All three Gospels describe the setting as reclining or reclining at table. Reclining (ἀνάκειμαι; anakeimai) means to lie on side on a cushion in order to eat. According to Luke 5:29, this meal was a banquet that had been carefully prepared and presented. It is evident that Matthew spared no expense in hosting this meal.
Jesus and His disciples were in attendance. The sense is that Jesus was the guest of honor. Matthew wanted his friends and colleagues to meet Jesus.
“Matthew’s characteristic look makes it all so vivid: his readers are invited to see it all in their minds’ eyes. The guests were not such as might be expected where a religious teacher was the honored guest, but disreputable, tax collectors and sinners. The combination points to social outcasts,” states Morris.
The people in attendance were having a wonderful time. However, those not in attendance, the Pharisees and scribes, were not happy. Luke says that they grumbled (Luke 5:30). To grumble (γογγύζω; gongyzo) means to make complaining remarks or noises under one’s breath.

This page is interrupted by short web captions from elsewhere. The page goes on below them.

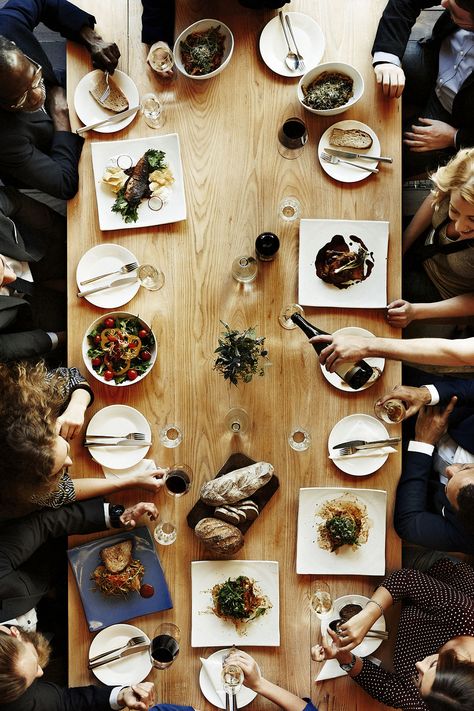 Tips for hosting a phone-free gathering this holiday season | holiday entertaining hacks and inspiration People Gathering, Restaurant Inspired Recipes, Lunch Catering, Copycat Restaurant Recipes, Oatmeal Bars, Banana Oatmeal, Sweet Smell, People Eating, Dinner With Friends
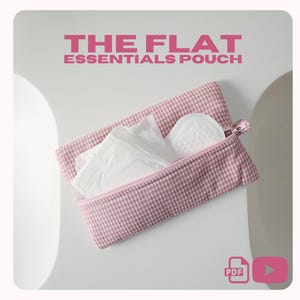 Op de afbeelding: Een roze en witte gingham-tas met een ritssluiting. De tas is gevuld met producten voor vrouwelijke hygiëne, waaronder maandverband en inlegkruisjes. De tekst "THE FLAT ESSENTIALS POUCH" staat bovenaan de tas.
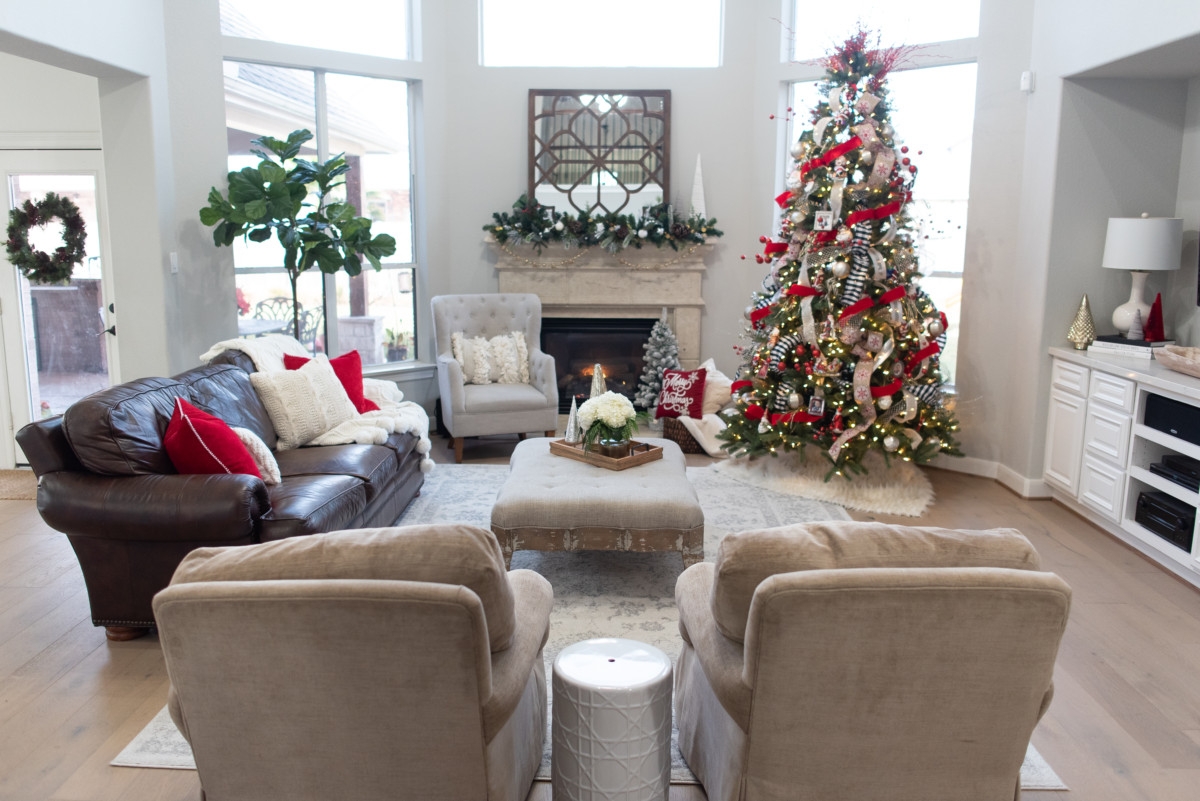 christmas living room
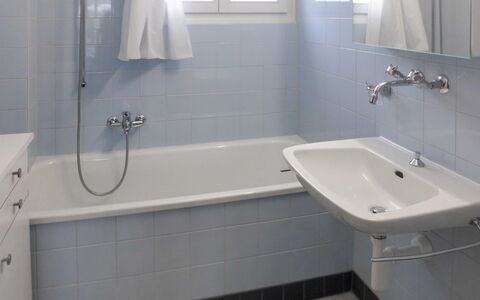Chalet Clairval: Badewanne, Armatur, Zapfhahn, Eigentum, Fenster, Badezimmer, Dusche, Rechteck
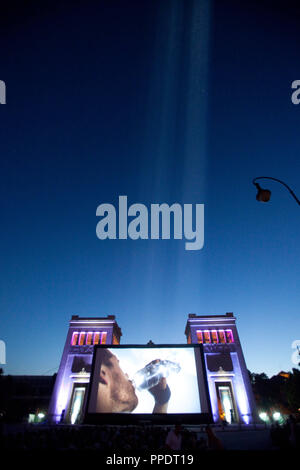 Kino Open Air am Königsplatz in München. Stockfoto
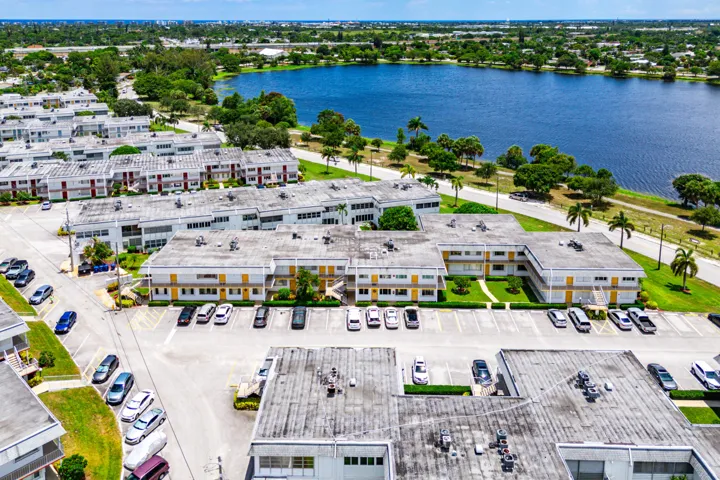 025-3120LakeOsborneDrive-106-LakeWorthBe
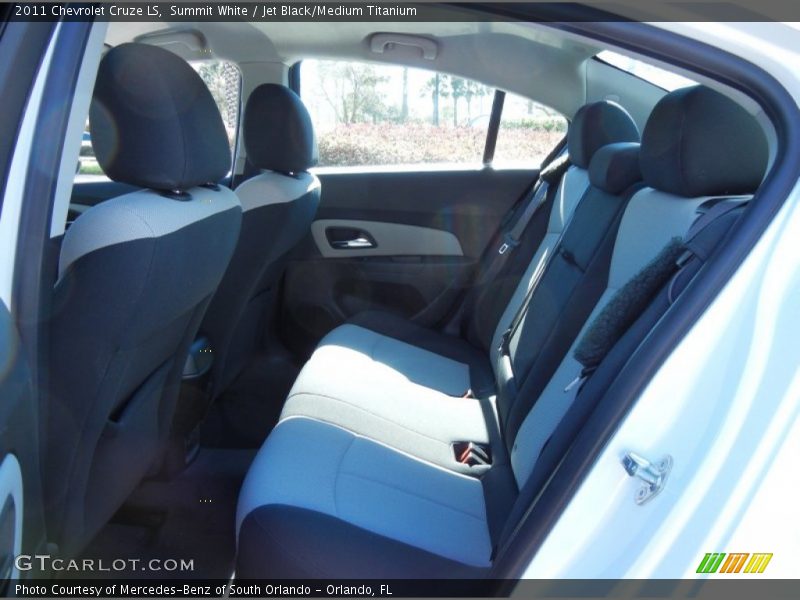 Summit White / Jet Black/Medium Titanium 2011 Chevrolet Cruze LS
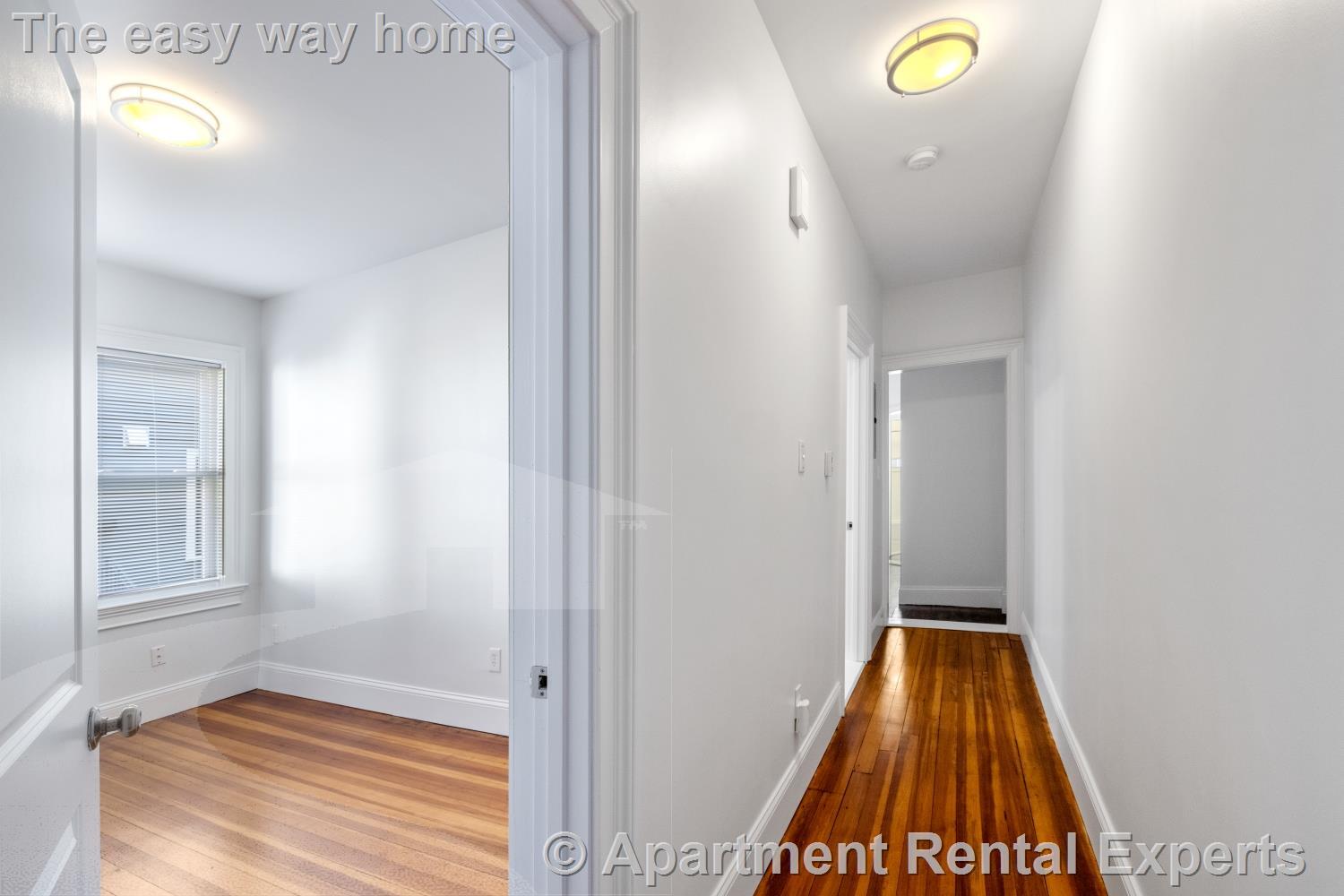 Building Photo - 122 Columbia St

“Matthew does not explain the presence of the Pharisees, but we too readily impose modern Western notions of domestic privacy without realizing the degree to which life in Palestine was much more public than is our experience. Given the significant numbers of people envisaged, ‘in the house’ might actually be out of doors in an open courtyard area belonging to the house. Or perhaps we are to think of the contact being made as the party is breaking up,” states commentator John Nolland.
The religious leaders grumbled at Jesus’ disciples. They said, ““Why does your teacher eat with tax collectors and sinners?”
“Consorting with outcasts on any level—even merely speaking to them—was bad enough. Eating and drinking with them implied a level of friendship that was abhorrent to the Pharisees (cf. Luke 7:34; 15:2; 19:7),” explains Dr. John MacArthur.
What was Jesus’ reaction to the Pharisees’ criticism? That is what we will examine when next we meet. Always remember that Jesus is a friend for sinners.
Soli deo Gloria!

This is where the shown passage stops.